Auffallend ist jedenfalls der positive Ergebnistrend der S Immo. Wie 2015 war auch 2016 ein Rekordjahr für den Immobilienkonzern. Und es sieht so aus, als ob auch das laufende Geschäftsjahr in dieser Hinsicht keine Ausnahme darstellen wird. Stefan Scharff, Analyst bei SRC Research, gerät über die Performance im ersten Halbjahr regelrecht ins Schwärmen. „Die Zahlen waren exzellent – vor allem auf Basis der Mieteinnahmen und der Cash-getriebenen Kennzahlen FFO und EBITDA“, meint er. Tatsächlich konnte der FFO 1 um 40,5 Prozent auf 19 Millionen gesteigert werden, während das operative Ergebnis mit 43,8 Millionen Euro leicht über dem sehr hohen Vorjahresniveau lag.
„Es zeigt sich das Bild einer Gesellschaft, die zyklusorientiert im richtigen Moment das Richtige tut und die sehr niedrigen Yields zu sehr lukrativen Verkäufen im Sinne der Aktionäre zu nutzen weiß“, so Scharff. Im Juni und Juli seien mit den Verkäufen der Serdika Shopping- und Büroflächen in Sofia sowie mit den an die OMV vermieteten Büroobjekten in Wien wichtige Meilensteine erreicht worden. Trotz der zuletzt zahlreichen Verkäufe schätzt Scharff die Mieteinnahmen von 58,5 Millionen Euro als „absolut stabil“ ein. Der hohe Vermietungsgrad (94,5 Prozent) spreche wiederum für die Qualität der Objekte.

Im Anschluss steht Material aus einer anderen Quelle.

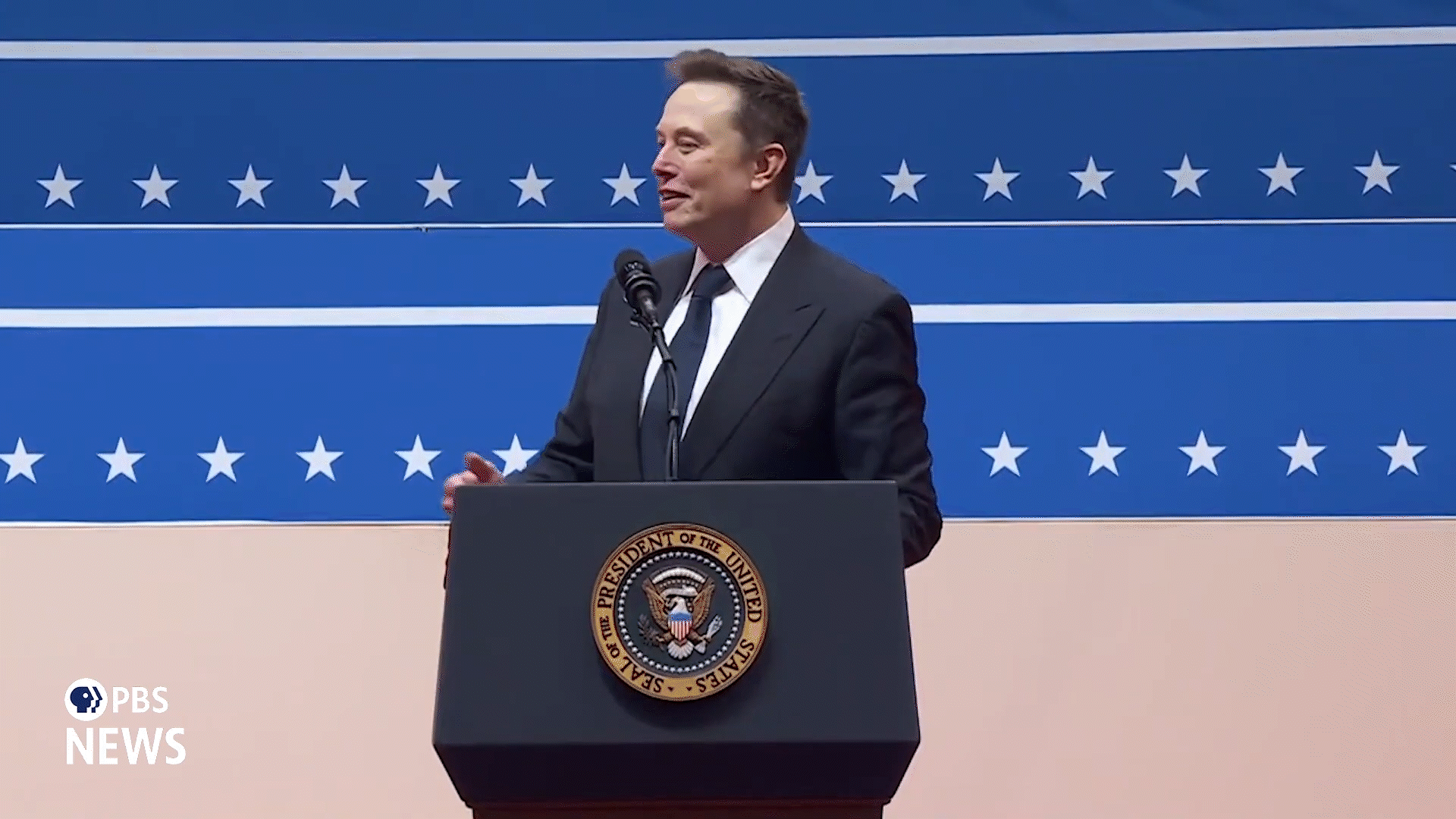The image is a composite of six panels showing Elon Musk at a podium. The first three panels show him speaking in front of a…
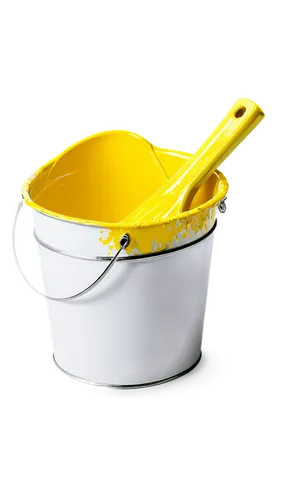 Bright yellow paint bucket, cartoon style, rounded shape, white handle, shiny metal rim, colorful paint splatters, tilted posture, spilled paint trail, glossy finish, soft lighting, 3/4 composition, v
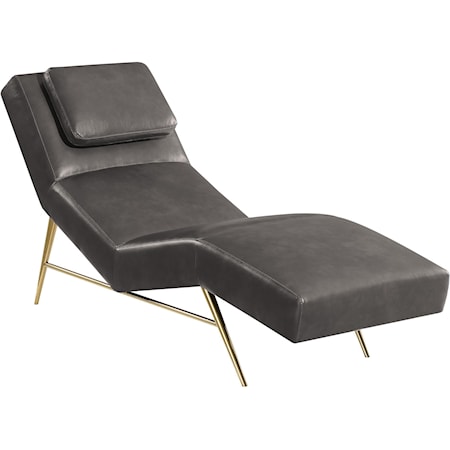Chaise with Gold Base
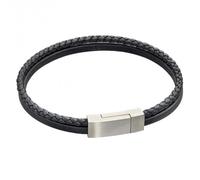 Fred Bennett Reborn Black Two Row Recycled Leather Bracelet B5321 - Premium - Stainless Steel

Weit über den Erwartungen von Scharff lag mit 69 Millionen Euro das Bewertungsergebnis – „und auch deutlich über unserer viel zu konservativen Prognose für das Gesamtjahr 2017 (43 Millionen Euro)“, sagt er. Ein „weiteres Highlight“ waren für den Analysten die Finanzaufwendungen, die im Halbjahr mit 32 Prozent deutlich reduziert werden konnten.
„Wir werden uns über dieses Investment noch sehr freuen“, so CEO Ernst Vejdovszky bei der Hauptversammlung im Juni. Damit ist allerdings nicht ein Immobiliendeal gemeint. Vielmehr hat die S Immo in den vergangenen Monaten begonnen, Aktien der Mitbewerber Immofinanz und CA Immo zu kaufen. „Wir können ganz gut einschätzen, wie sie aufgestellt sind“, so Vejdovszky, der auch betont, dass man lediglich als Finanzinvestor auftrete. Wie Mitte August mitgeteilt wurde, wurde bei der Immofinanz kürzlich die meldepflichtige Schwelle von 4 Prozent überschritten. An der CA Immo wird weniger als 4 Prozent gehalten. Eines scheint klar: Auch wenn die Fusion zwischen beiden Konzernen nicht über die Bühne geht, der Wert des Aktienpakets sollte steigen.